Non sono piu’ strutture defilate, invisibili quindi… vengono definite Hotel. Il linguaggio che definisce questo tipo di architettura apre le porte alla propaganda di un sistema che appoggia e incoraggia il consumo di carne a tutti i costi. Giusto?
S¡, sparisce l’invisibilità e si parla di Hotel per maiali. Questo è il passaggio fondamentale! È qui che ci dobbiamo rendere conto di quanto il carnismo sia attivo per poterlo smascherare. Ci dobbiamo rendere conto che le principali testate giornalistiche che hanno passato la notizia hanno definito, senza reale consapevolezza, delle strutture di concentramento multipiano per animali, macchine ottimizzate per il contenimento, sviluppo e morte di quest’ultimi ovvero sistemi che mettono in pericolo oltretutto anche la salute umana e dell’ambiente, Hotel. Gli Hotel sono luoghi che associamo al piacere, alla vacanza, al divertimento, al lusso. Così la società, che inizia a rendersi conto che esistono degli animali da macello, si convince che questi “fortunati” animali in realtà passano la loro vita in una Spa. E noi ci puliamo la coscienza. Ed infatti, a proposito di comunicazione, sempre più spesso vediamo in TV strategie di marketing di aziende produttrici di carne in cui si preoccupano di farci sapere come le loro mucche vivono in vere e proprie stalle di lusso dove anche il massaggiatore è compreso. Tutto questo è un meccanismo di autodifesa del carnismo ed in questo caso l’architettura essendo contenitore e veicolo comunicativo ne è complice.

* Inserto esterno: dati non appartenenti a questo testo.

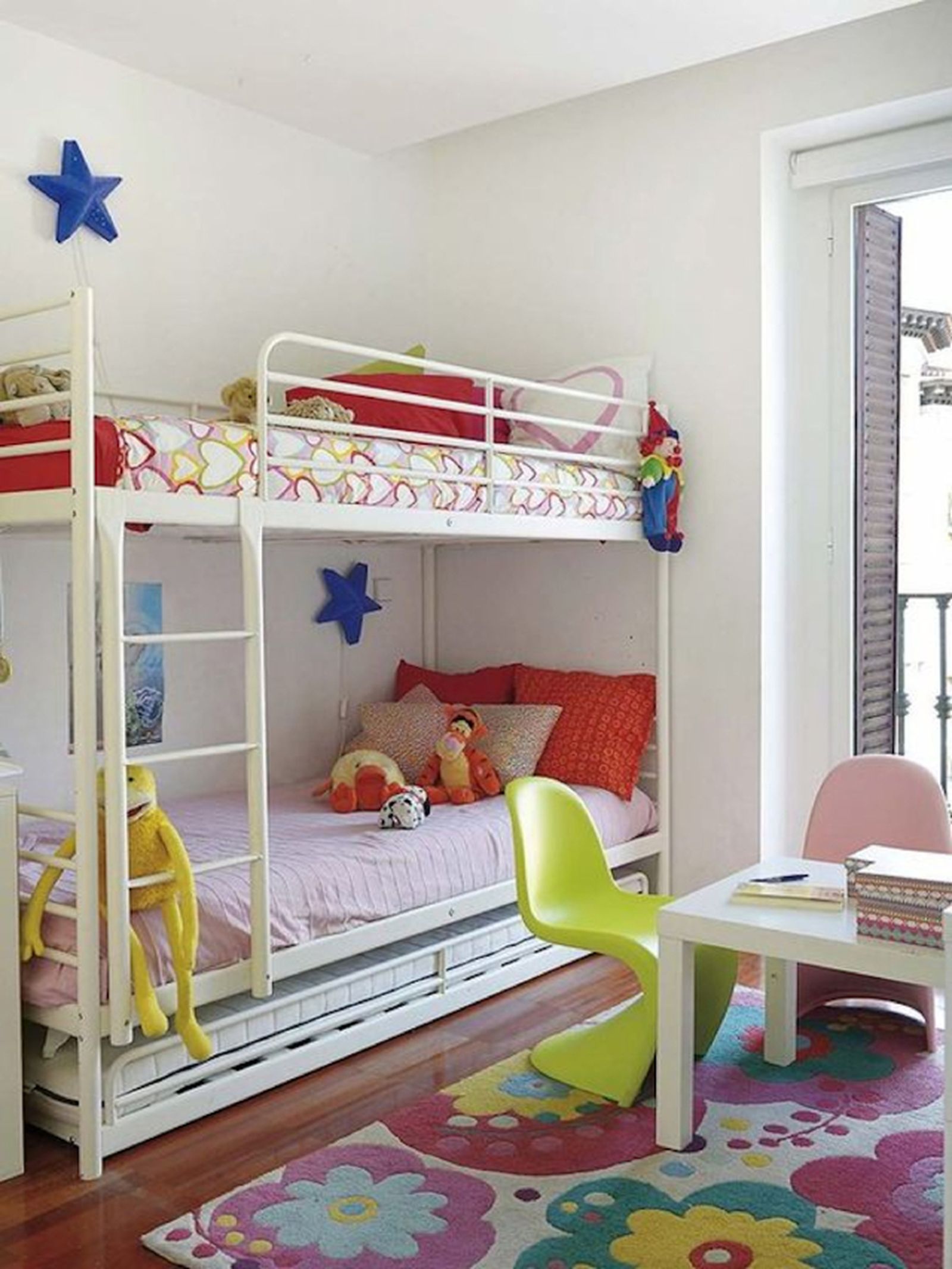 Dormitorios infantiles compartidos soluciones para disponer las camas en las habitaciones pequeñas 11 Dormitorios infantiles compartidos soluciones para disponer las camas en las habitaciones pequeñas 11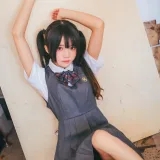 桜桃喵《画室少女》主题写真：17张全套美图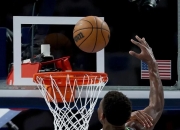 开云体育官网-灰熊鏖战青岛队，詹姆斯惊艳四座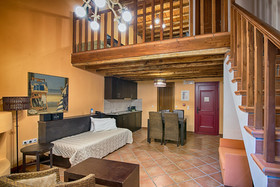 Varos Village Hotel & Residences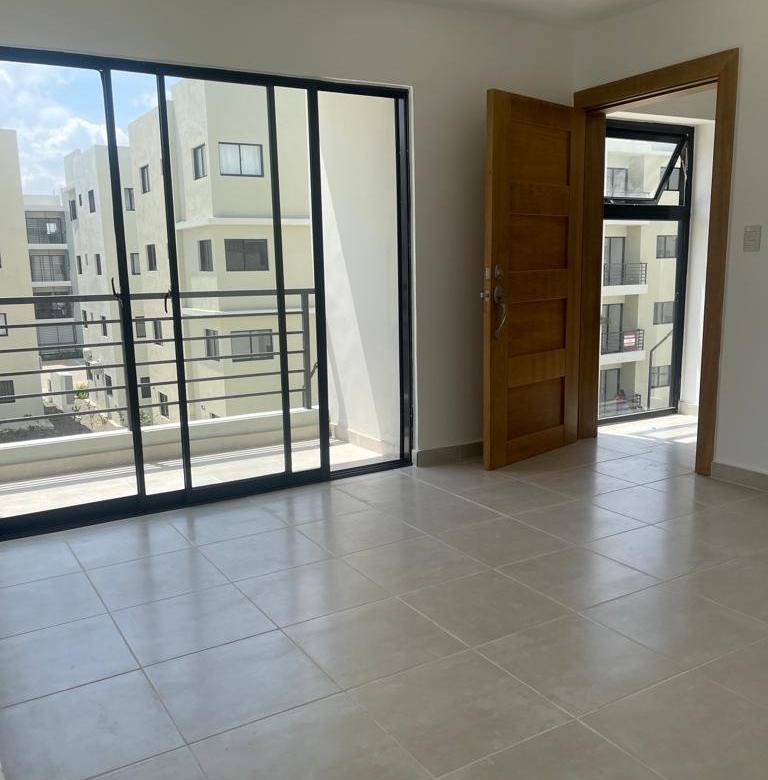 APARTAMENTO DE RENTA- RÍELES DE GURABO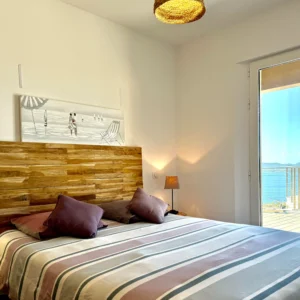 Chambre avec lit kingsize et vue mer.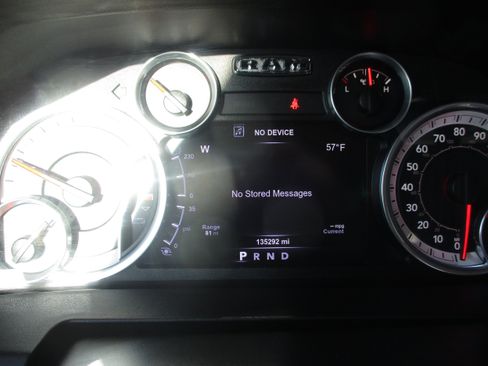 Used 2015 RAM 2500 Lone Star image 29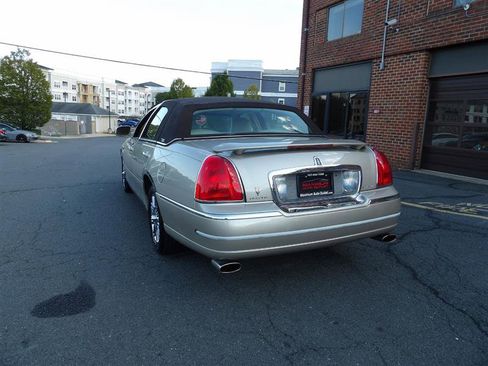 Used 2008 Lincoln Town Car Signature Limited image 5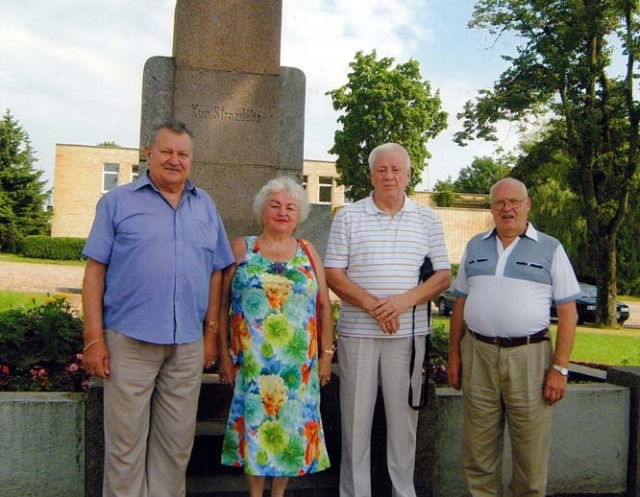 Kamajuose prie Antano Strazdo paminklo: Albertas Petrulis (iš kairės)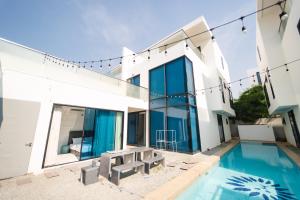 D9 TagVilla Palm Spring Villa in Pattaya 8 Bedroom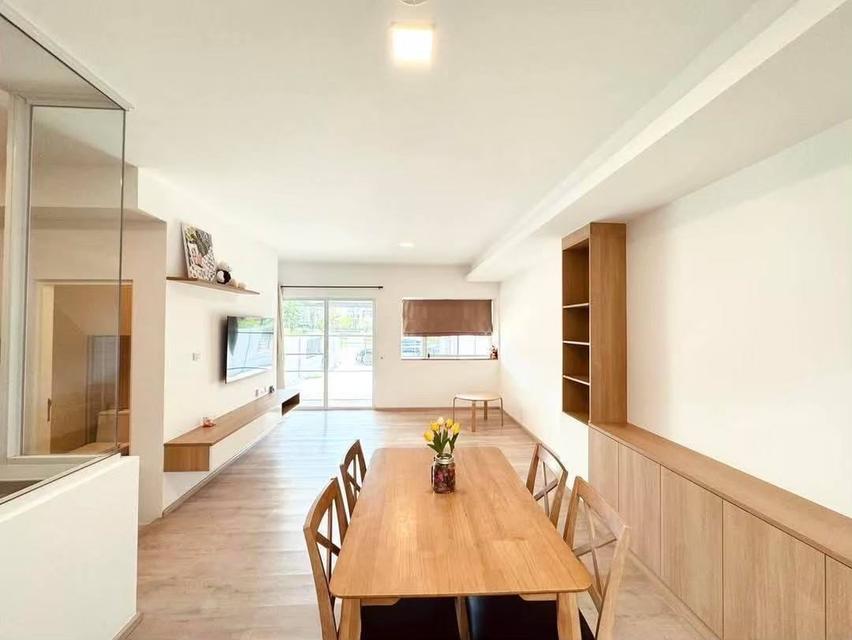 ให้เช่า ทาวน์โฮมใหม่ สไตล์อังกฤษ หมู่บ้าน indy2 บางนา-รามคำแหง2 4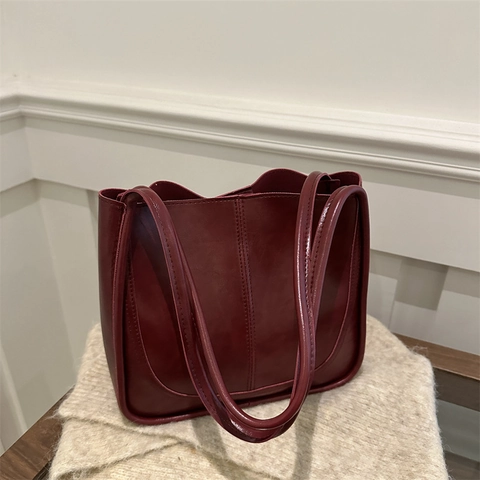 Γυναικεία Vintage Τσάντα Tote από Δέρμα PU Μεγάλη Χωρητικότητα Casual Μινιμαλιστική Τσάντα Ώμου Με Λούτρινο Μενταγιόν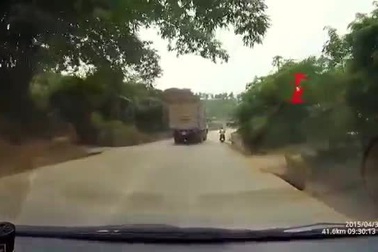 2 cô gái thoát chết dưới bánh xe tải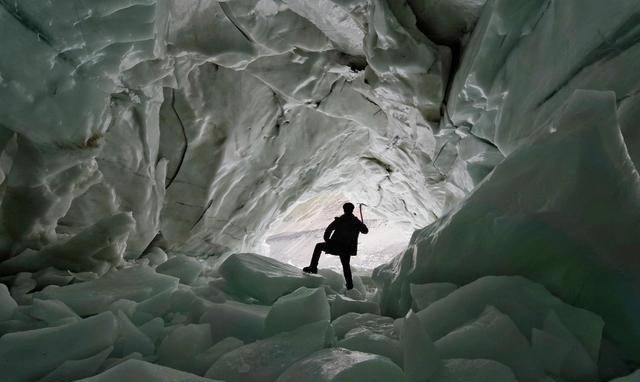 消失在冰川里的“冰川哥”：为拍最好画面坠落冰瀑，追求完美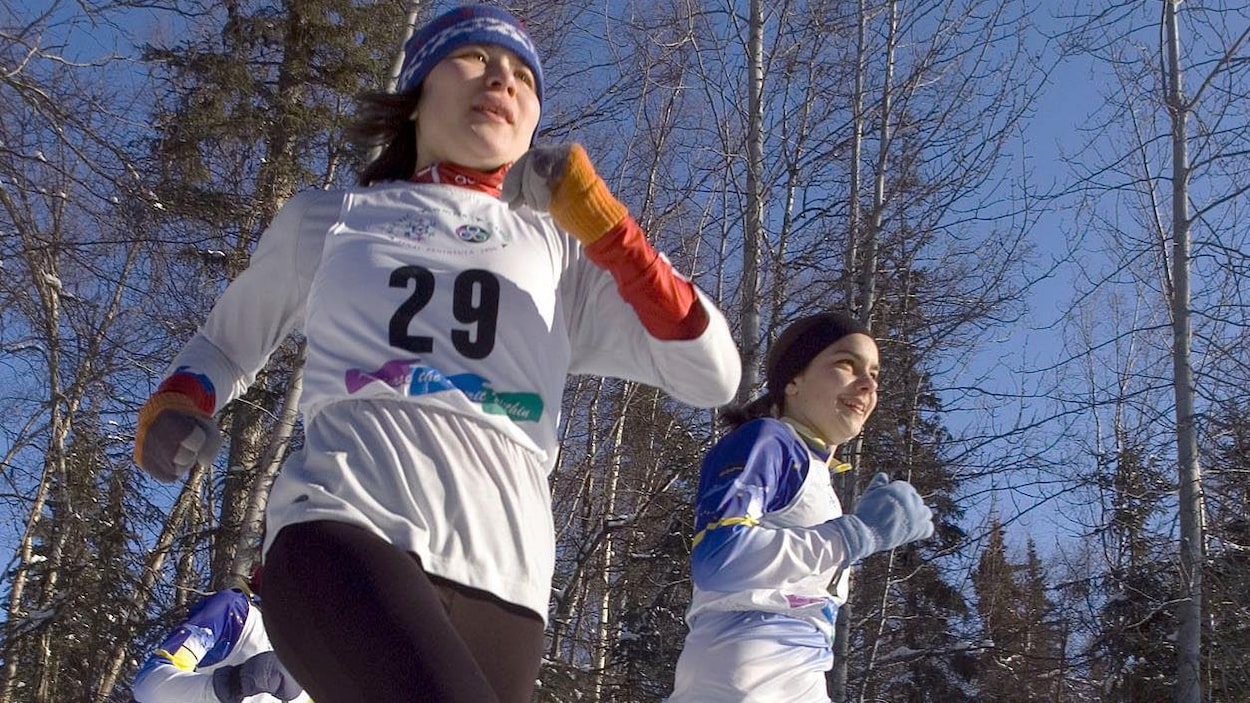 Tatiana Somova et Isabel Bush devancent deux autres athlètes lors d'une course en raquettes dans la neige en Alaska.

Una responsabilità molto importante per l’architettura quindi.
Senz’altro. È impensabile infatti che un vegano possa ideare e progettare strumenti di morte per animali. Ho riflettuto molto su questo concetto anche perché in passato mi si era presentata la possibilità di essere incaricato di progettare delle stalle. Non appena me ne sono reso conto ho capito che, anche se questo andava contro i miei interessi economici e del mio studio di progettazione, non avrei mai potuto prendere quel tipo di incarico. Immaginare degli animali che vanno incontro alla morte tra mille sofferenze, rinchiusi in un edificio progettato da me, mi porta con il pensiero a chi in passato ha progettato i lager per gli umani. Potrei non perdonarmelo mai. Quella possibilità di lavoro poi non si è concretizzata e mi sono risparmiato il disagio di dover spiegare le mie ragioni al cliente. Per fortuna ci sono sempre più persone consapevoli e protagoniste del cambiamento e sempre più spesso ci viene richiesto di progettare edifici che vale la pena realizzare.